The students, members of Youth PAWR (Philadelphia Area War Resistance), a coalition of college and high school student groups, brought hundreds of “I will vote for books not bombs” pledge cards collected from their classmates.
Ben Waxman, a senior at Springfield High School, took the 20-minute train ride on Philadelphia’s SEPTA train to bring the pledge cards from his school. “A lot of high school people became engaged in the anti-Iraq war movement,” Waxman said. “We’re trying to get people to register to vote by showing the connection with the severe funding crisis for public high schools.” Citing cuts in after-school programs, music, school newspapers, teachers and even textbooks, Waxman noted that some schools are still using decades-old books.
Ivan Booth, who will be a junior at Swarthmore next year, told the World the Philadelphia area youth activists have been discussing what to do this summer. “It was amazing. After the war, all these different groups at the same time all said ‘Let’s do voter registration.’”
Booth said this was a kick-off event for a whole voter registration and education campaign, involving many campus organizations and activists. “This summer we will be flyering at festivals and concerts [with] educational things about war, and doing voter registration at fairs,” Booth said.
The students sat several hours on the sidewalk in front of Santorum’s office under their big “books not bombs” banner, taking an occasional break from their studying to register a new voter or get an additional pledge card signed.
At 4:30 p.m., the protest moved inside the government building, but the students found Santorum’s office mysteriously closed. They weren’t surprised. “Santorum embodies all that’s wrong with the U.S. government,” Lincoln Ellis, a University of Pennsylvania senior said. Undaunted, they dug up a roll of tape and one by one posted the hundreds of pledge cards to the Senator’s door.

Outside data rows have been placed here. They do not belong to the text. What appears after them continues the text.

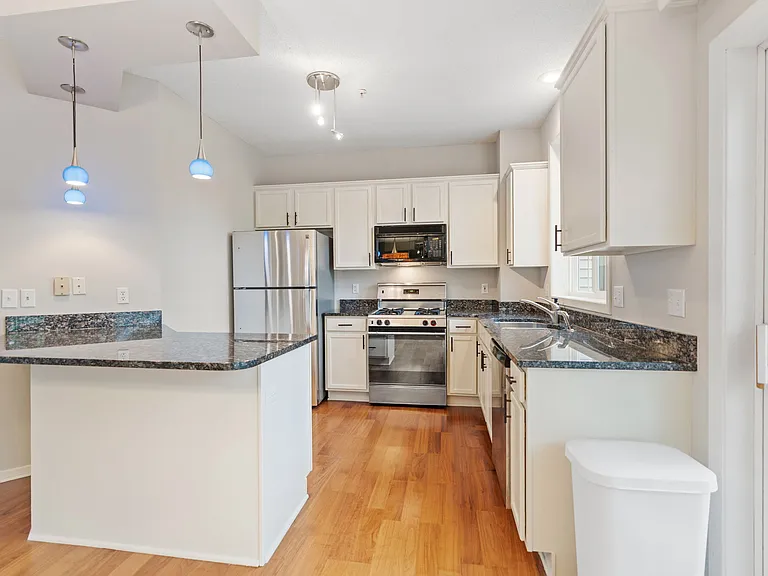 789 Fairfield Cir — Photo 13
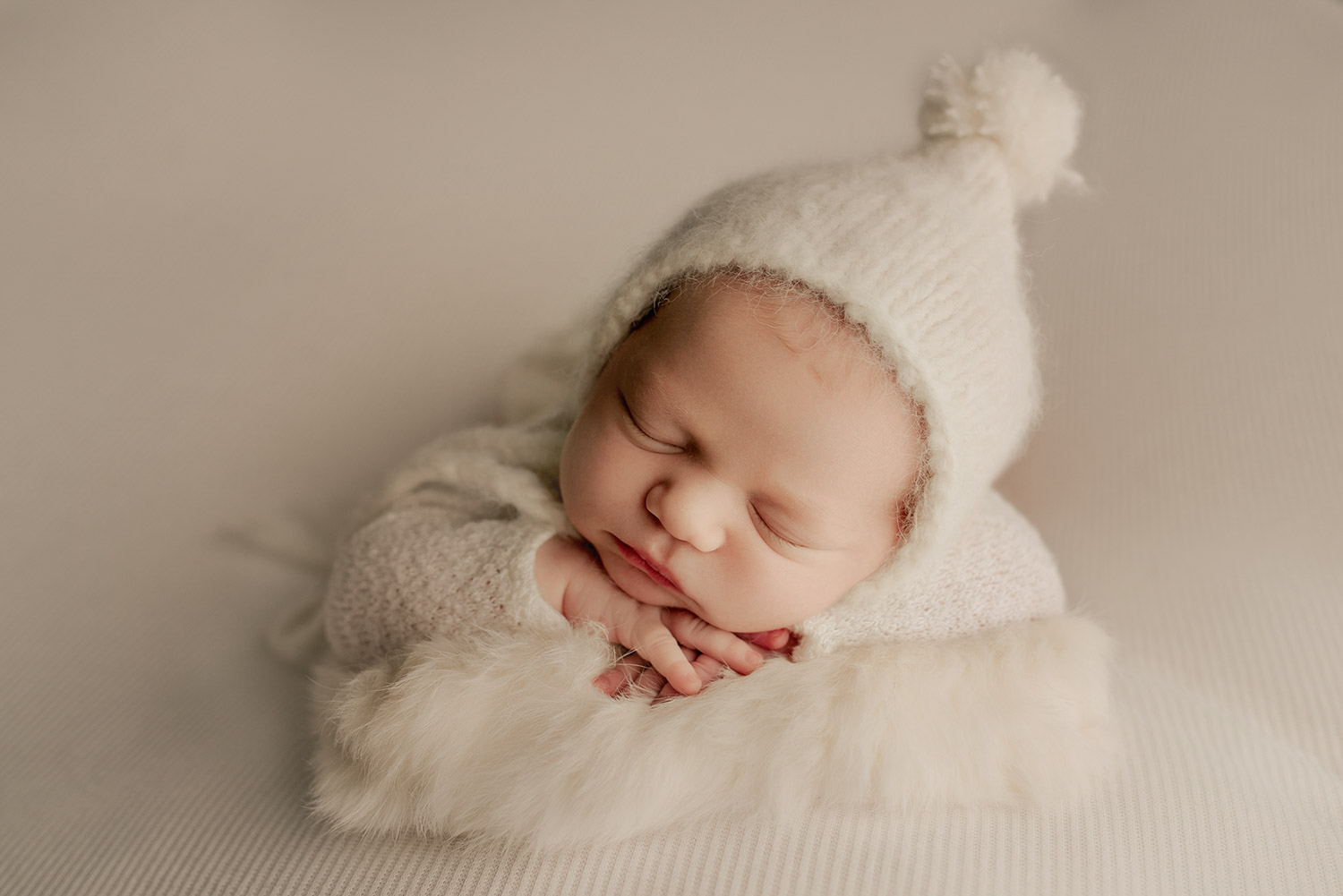 best portland oregon newborn photographer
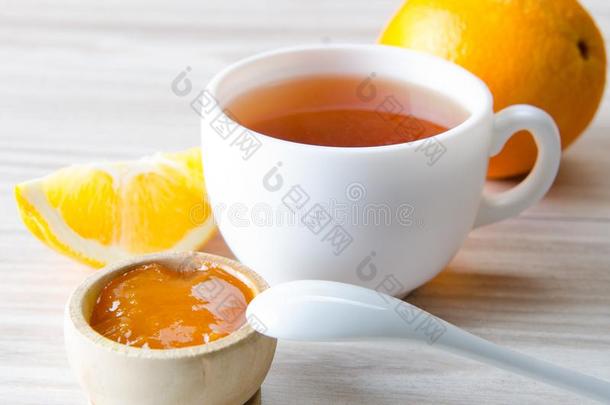 指已提到的人杯子关于茶水serve的过去式和桔子果酱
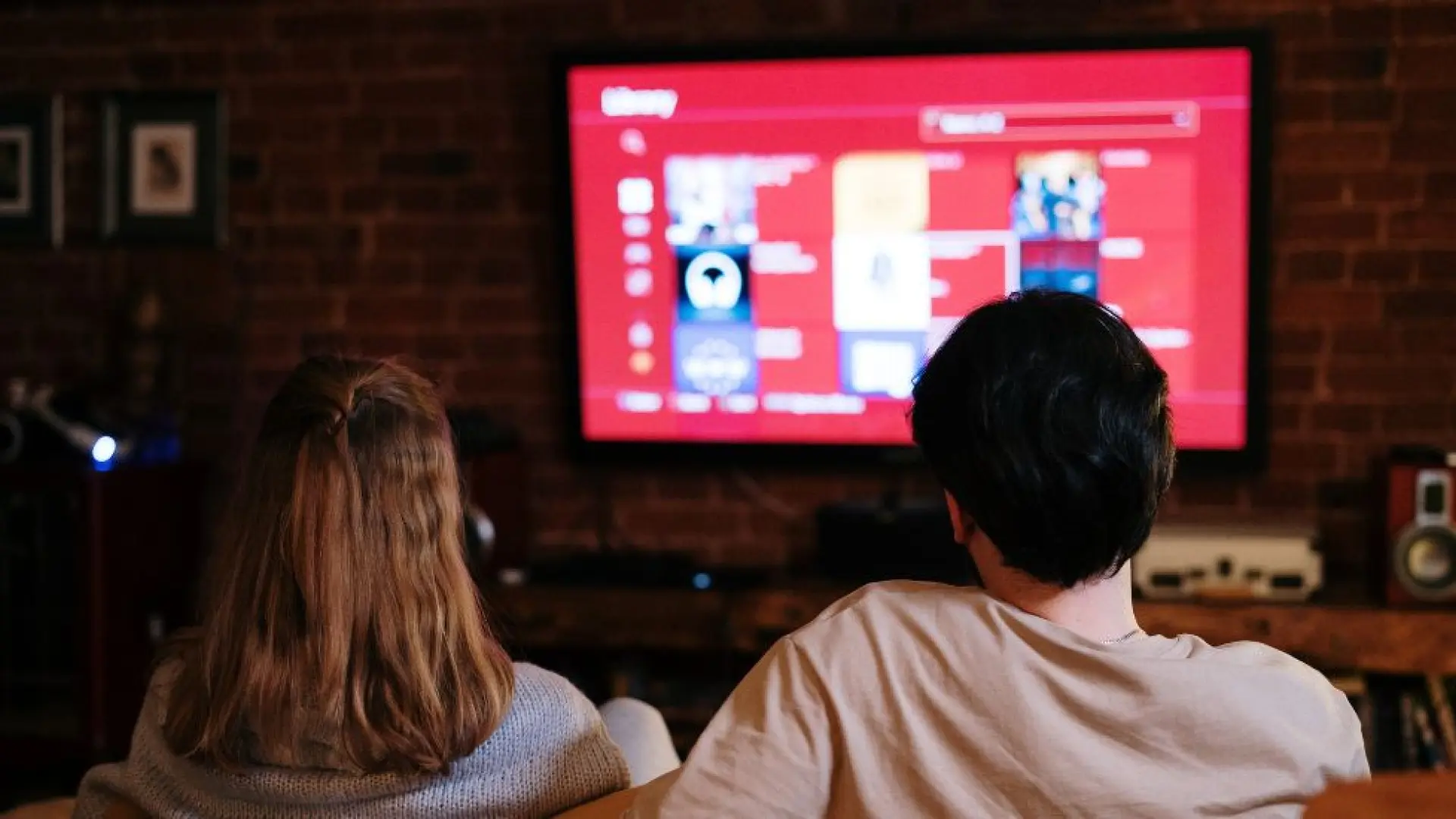 Tu Smart TV puede saber qué estás viendo: así funciona el sistema que recopila datos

Same day, same confident enthusiasm, but hundreds of miles south, in a suburb of Atlanta, Georgia, Decatur High School junior Leah Fishbein delivered 60 “books not bombs” pledge cards to the office of Congresswoman Denise Majette (D–Ga.). Fishbein is part of a new student organization called SWEAPS – Students Working for an Educated and Accountable Peaceful Society. Speaking of her experience in collecting pledge cards from her classmates, she said, “It went really well. The goal was to educate teenagers on domestic and foreign policy. A lot of people I spent time talking to, I felt maybe I changed their minds. It was pretty neat.”